Una vera e propria architettura in miniatura, impreziosita dalla tecnica del commesso marmoreo che imita tralci vegetali, vasi con fiori e uccellini, un monumentale tabernacolo del barocco napoletano in bronzo dorato, rame dorato, marmi policromi e
pietre dure (diaspri, ametista, agata, lapislazzuli).

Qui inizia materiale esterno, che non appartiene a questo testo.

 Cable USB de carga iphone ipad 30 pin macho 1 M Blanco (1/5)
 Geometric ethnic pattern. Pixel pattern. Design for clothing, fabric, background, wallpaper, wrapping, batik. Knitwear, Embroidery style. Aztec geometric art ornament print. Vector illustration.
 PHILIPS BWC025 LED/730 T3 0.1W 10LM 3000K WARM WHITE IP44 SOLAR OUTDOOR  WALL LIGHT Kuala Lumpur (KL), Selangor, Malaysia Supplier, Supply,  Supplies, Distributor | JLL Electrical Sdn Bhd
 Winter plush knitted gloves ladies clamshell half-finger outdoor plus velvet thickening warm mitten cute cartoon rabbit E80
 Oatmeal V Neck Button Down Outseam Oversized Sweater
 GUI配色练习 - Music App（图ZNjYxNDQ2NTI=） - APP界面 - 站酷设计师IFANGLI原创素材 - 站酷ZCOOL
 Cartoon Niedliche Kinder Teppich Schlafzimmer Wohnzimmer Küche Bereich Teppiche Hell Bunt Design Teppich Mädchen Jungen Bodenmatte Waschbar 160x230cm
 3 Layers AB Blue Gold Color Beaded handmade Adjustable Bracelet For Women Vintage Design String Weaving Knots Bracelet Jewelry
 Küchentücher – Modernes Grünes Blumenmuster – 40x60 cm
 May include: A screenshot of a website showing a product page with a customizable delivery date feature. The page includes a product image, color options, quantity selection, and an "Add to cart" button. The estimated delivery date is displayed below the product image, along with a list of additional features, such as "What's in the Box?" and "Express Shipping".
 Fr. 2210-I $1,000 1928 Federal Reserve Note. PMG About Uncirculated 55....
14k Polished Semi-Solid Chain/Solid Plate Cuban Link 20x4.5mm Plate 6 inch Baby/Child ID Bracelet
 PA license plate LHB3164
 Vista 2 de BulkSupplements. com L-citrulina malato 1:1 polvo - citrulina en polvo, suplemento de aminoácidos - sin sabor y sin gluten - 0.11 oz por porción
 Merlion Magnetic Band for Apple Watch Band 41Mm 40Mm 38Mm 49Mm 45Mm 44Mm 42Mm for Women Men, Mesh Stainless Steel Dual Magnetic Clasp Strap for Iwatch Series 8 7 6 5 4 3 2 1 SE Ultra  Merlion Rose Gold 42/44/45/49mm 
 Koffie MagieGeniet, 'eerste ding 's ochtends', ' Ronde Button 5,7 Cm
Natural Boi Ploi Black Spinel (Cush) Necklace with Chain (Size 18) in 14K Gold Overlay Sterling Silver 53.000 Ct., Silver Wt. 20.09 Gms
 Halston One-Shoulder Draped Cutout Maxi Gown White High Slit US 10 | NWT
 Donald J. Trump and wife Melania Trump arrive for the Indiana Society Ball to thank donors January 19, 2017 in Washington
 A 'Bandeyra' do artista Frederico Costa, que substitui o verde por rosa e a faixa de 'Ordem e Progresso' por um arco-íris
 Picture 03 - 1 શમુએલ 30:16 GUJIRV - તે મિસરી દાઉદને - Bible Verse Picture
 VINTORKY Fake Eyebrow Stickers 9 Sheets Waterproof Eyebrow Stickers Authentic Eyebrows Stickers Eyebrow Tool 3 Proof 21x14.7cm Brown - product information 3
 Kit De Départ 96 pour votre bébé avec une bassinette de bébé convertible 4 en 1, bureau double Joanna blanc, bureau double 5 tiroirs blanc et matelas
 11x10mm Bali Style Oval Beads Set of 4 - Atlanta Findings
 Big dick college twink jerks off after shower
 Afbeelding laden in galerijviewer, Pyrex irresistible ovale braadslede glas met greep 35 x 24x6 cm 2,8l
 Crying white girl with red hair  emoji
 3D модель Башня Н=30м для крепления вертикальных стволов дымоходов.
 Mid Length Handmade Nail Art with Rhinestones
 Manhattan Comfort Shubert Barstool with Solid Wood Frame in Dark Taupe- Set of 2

Un dialogo che non si limita al tabernacolo ma che si estende anche alle altre opere esposte nella mostra “ Oltre Caravaggio. Un nuovo racconto della pittura a Napoli” , a cura di Stefano Causa e Patrizia Piscitello. Interno con Marmi è composta da materia li di varia provenienza, marmo e legno, che evocano gli ambienti domestici delle case borghesi italiane. L’opera produce uno spazio ambiguo e instabile, giocato su pochi colori omogenei, con punti ciechi e vani angusti, risultando in forte contrasto con la simmetria e la preziosità del Ciborio, espressione del Barocco napoletano. Come un monumento su un piedistallo, l’opera di Favelli riunisce in sé frammenti di memorie personali e collettive. Allo stesso tempo, pone a confronto due modelli estetici e culturali, votati entrambi a custodire un mistero inconoscibile. “Ho pensato di realizzare quest’opera come una
costruzione effimera, avendo in mente l’idea del baldacchino e del ciborio, del quale trovo
interessante anche la funzione di contenitore dell’Eucarestia. Quando ho finito di assemblare l’opera, mi è sembrata simile a un’edicola – cippo , a un mausoleo, che
rimanda  appunto a qualcosa di funereo, un ambito desueto al giorno d’oggi, a meno
che non si abbia una tomba di famiglia. – riflette l’artista – La base conferisce un
carattere monumentale all’installazione. Rispetto al Ciborio di Santa Patrizia, i piani sono ribaltati, mentre ad avvicinare le due opere è l’uso di materiali preziosi
come il marmo portoro”. Oltre che dal tabernacolo, l’artista ha tratto ispirazione dai
piccoli altari trovati sull’isola di Creta e in Uzbekistan, come lui stesso racconta: “Di recente sono stato in Uzbekistan e a Creta dove ho visto altarini sui cigli della strada e piccoli cimiteri recintati con ferro arrugginito. Queste strutture per quanto riferite a due paesi diversi e distanti, si somigliano in quanto oggetti religiosi, spirituali e funerei, sul cui significato profondo ancora ci si interroga”. Ricordi di viaggio sui quali si innesta un immaginario legato alla provincia italiana, che resta un riferimento culturale costante nella poetica di Favelli. “Ho scelto questo materiale, il legno delle porte realizzate artigianalmente con modanature e in alcuni casi con più strati di vernice,
perché conservano una loro storia. Una delle porte, per esempio, ha due piccoli adesivi della Nastro Azzurro, che rimanda sia al mondo dell’imprenditoria italiana che a una disciplina nobile quale la vela. Quello degli adesivi sui mobili e le porte è un uso
che rimanda agli ambienti domestici degli anni Settanta e Ottanta che conosciamo bene e abbiamo praticato”.